The streaked gurnard (Chelidonichthys lastoviza), also known as the African gurnard or rock gurnard, is a species of ray-finned fish belonging to the family Triglidae, the gurnards and sea robins. This fish is found in the eastern Atlantic Ocean and western Indian Ocean. This species is of commercial importance as a food fish.

==Taxonomy==
The streaked gurnard was first formally described as Trigla lastoviza in 1788 by the French naturalist Pierre Joseph Bonnaterre with the type locality given as Split, Croatia. In 1934 J. L. B. Smith described a new subgenus of the genus Trigla called Trigloporus for his newly described species Trigla africana. Some authorities have treated this as a valid genus but it is treated as a subgenus of Chelidonichthys.

===Subspecies===
There are two subspecies of streaked gurnard:

- Chelidonichthys lastoviza lastoviza (Bonnaterre, 1788) - the eastern Atlantic south to Angola
- Chelidonichthys lastoviza africana (J. L. B. Smith, 1934) Southern Africa

===Etymology===
The specific name of the streaked gurnard, lastoviza, is its common name in Split as reported by Brünnich whose description Bonnaterre based his published description on.

==Description==
The streaked gurnard has a large triangular, bony head which bears many ridges and spines and with a deep occipital groove. There are two separate dorsal fins, the first contains between 9 and 11 spines while the second dorsal fin, and the anal fin, both have between 14 and 17 fin rays.
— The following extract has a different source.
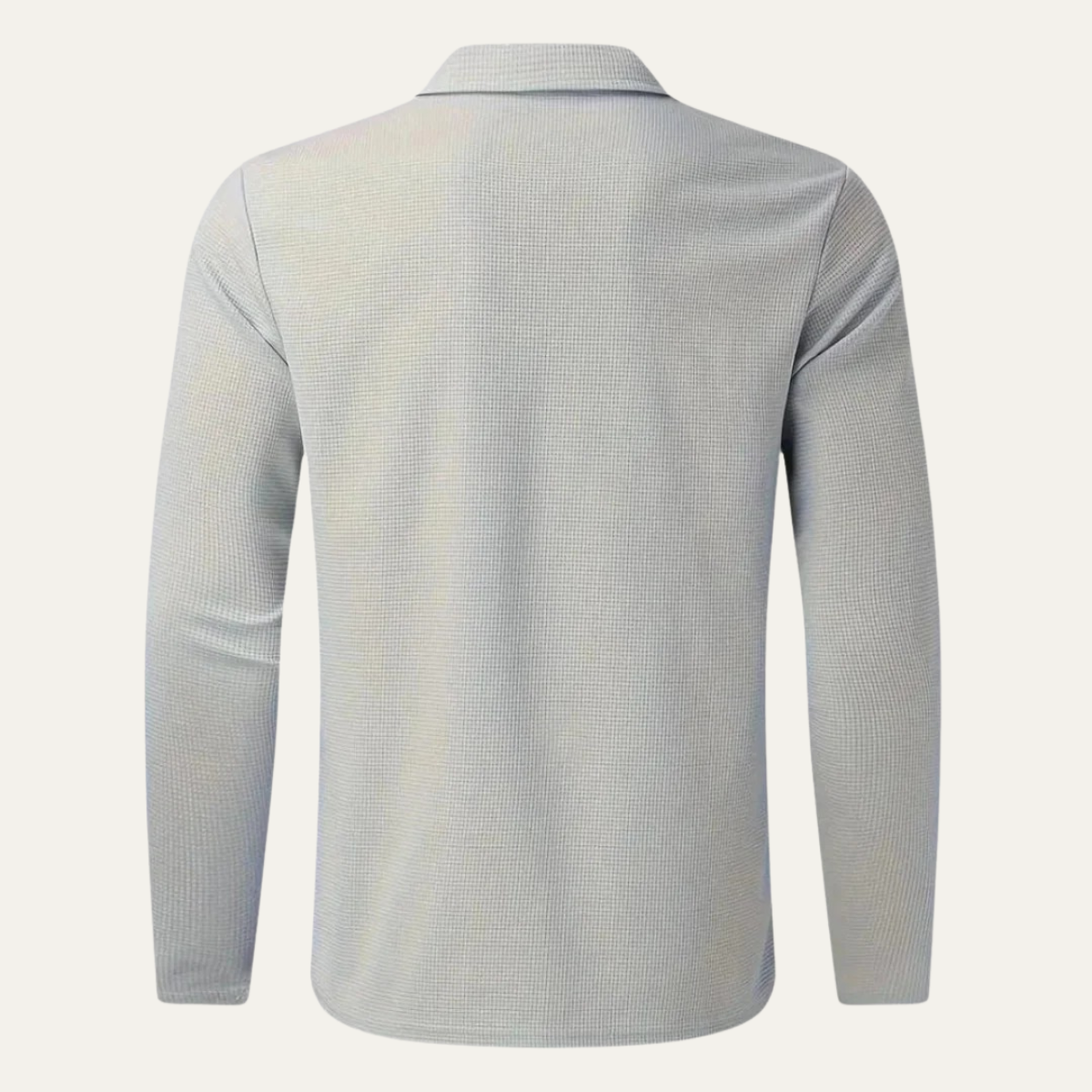 The Hampstead Veste décontractée légère en maille zippée pour homme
The body is covered in clear, oblique ridges of skin starting on the lateral line. The breast may or may not have scales but the belly is scaled. The scales of the lateral line are enlarged and have small spines on them. The upper body is red, marked with dark spotting on the head and the back with a paler lower body. The pectoral fins are greyish marked with large dark blue spots. The three lower pectoral fin rays are separated from the rest of the fin. The head has an almost vertical profile on the snout. The maximum published total length of this species is 40 cm, although 15 cm is more typical/

==Distribution and habitat==
The streaked gurnard is found in the eastern Atlantic Ocean from southern Norway and Scotland to the Cape of Good Hope and round coast of South Africa into the southwestern Indian Ocean as far north as Mozambique. It is also found around the Macaronesian Islands and the islands in the Gulf of Guinea. It is found in the Mediterranean Sea but is absent from the Black Sea. This is a demersal species of rocky and sandy substrates and sand, found in shallow coastal water to waters as deep as 150 m.

==Biology==
Streaked gurnards may form schools when they are near the surface. Their diet is made up of small crustaceans. In European population spawning occurs in midsummer, running from June to August.

==Fisheries==
The streaked gurnard is frequently caught in trawls but only the largest specimens are retained. It is regularly appears in fish markets in the western Mediterranean, Adriatic and Cyprus, infrequently elsewhere. The catch is marketed fresh or chilled.